Calibration of Encoder Decoder Models for Neural Machine Translation
Aviral Kumar, Sunita Sarawagi
TL;DR
This paper examines calibration in attention-based NMT systems, revealing substantial miscalibration of token probabilities—even under teacher forcing—and identifies EOS miscalibration and attention uncertainty as primary causes. It introduces weighted calibration error (weighted ECE) to assess the full output distribution and develops a context-dependent recalibration model that accounts for attention entropy, input coverage, and token logits. The method yields significant reductions in calibration error, improves BLEU scores, and stabilizes BLEU across increasing beam sizes, providing more reliable beam-search predictions. These results highlight the practical importance of calibration for interpretable confidence and robust decoding in neural machine translation and offer a principled alternative to heuristic fixes like temperature scaling.
Abstract
We study the calibration of several state of the art neural machine translation(NMT) systems built on attention-based encoder-decoder models.
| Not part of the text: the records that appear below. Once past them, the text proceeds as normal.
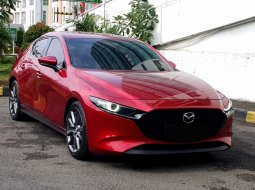 Mazda 3 Hatchback 2019 skyactive merah km31rban sunroof audiobose cash kredit proses bisa dibantu 3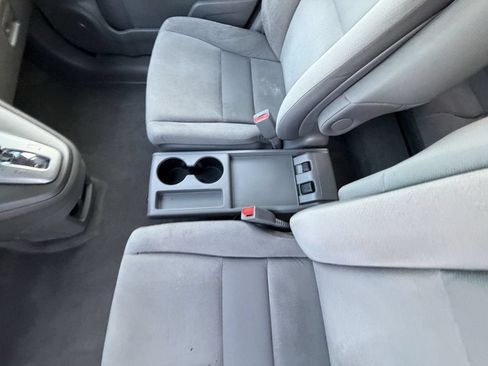 Used 2010 Honda CR-V EX image 17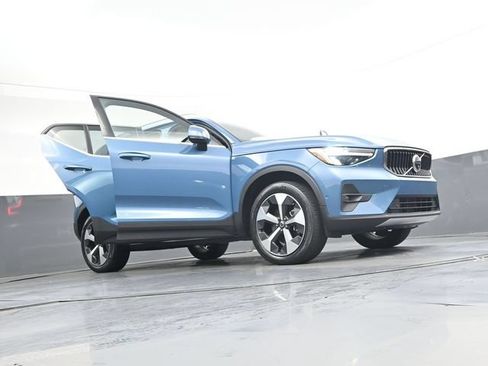 Used 2024 Volvo XC40 B5 Plus AWD/4WD image 41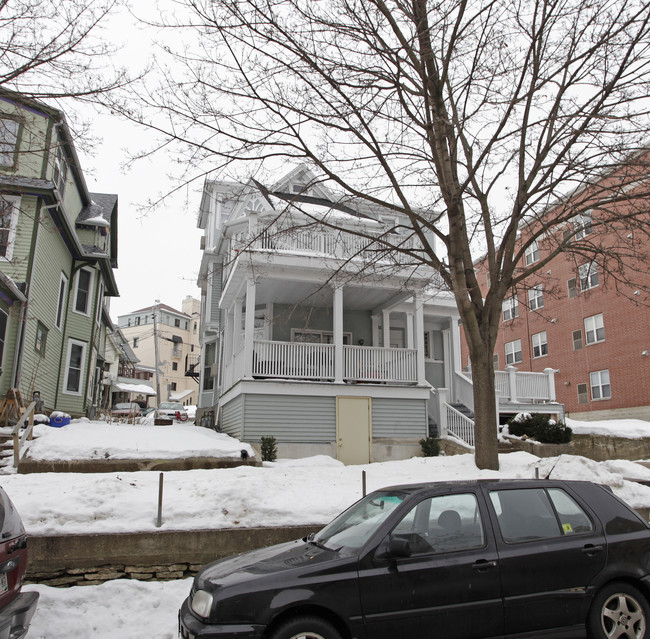 621 Frances St in Madison, WI - Foto de edificio - Building Photo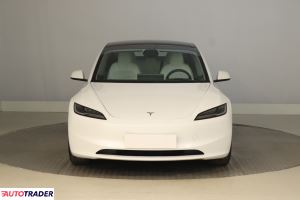 Tesla Model 3 2023 278 KM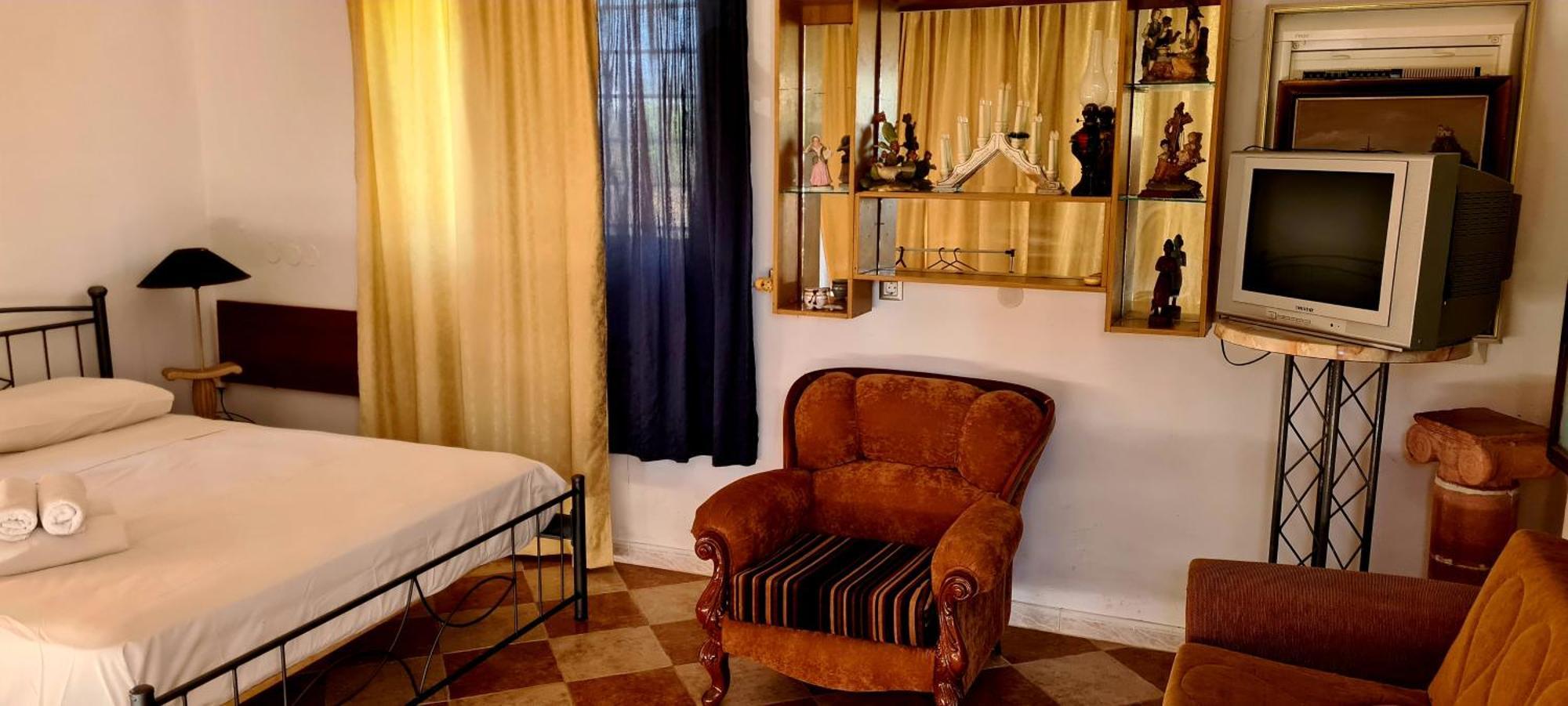 Jack Daniel Friends Apartment ฟาลิรากี ห้อง รูปภาพ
For structured outputs like in NMT, calibration is important not just for reliable confidence with predictions, but also for proper functioning of beam-search inference. We show that most modern NMT models are surprisingly miscalibrated even when conditioned on the true previous tokens. Our investigation leads to two main reasons -- severe miscalibration of EOS (end of sequence marker) and suppression of attention uncertainty. We design recalibration methods based on these signals and demonstrate improved accuracy, better sequence-level calibration, and more intuitive results from beam-search.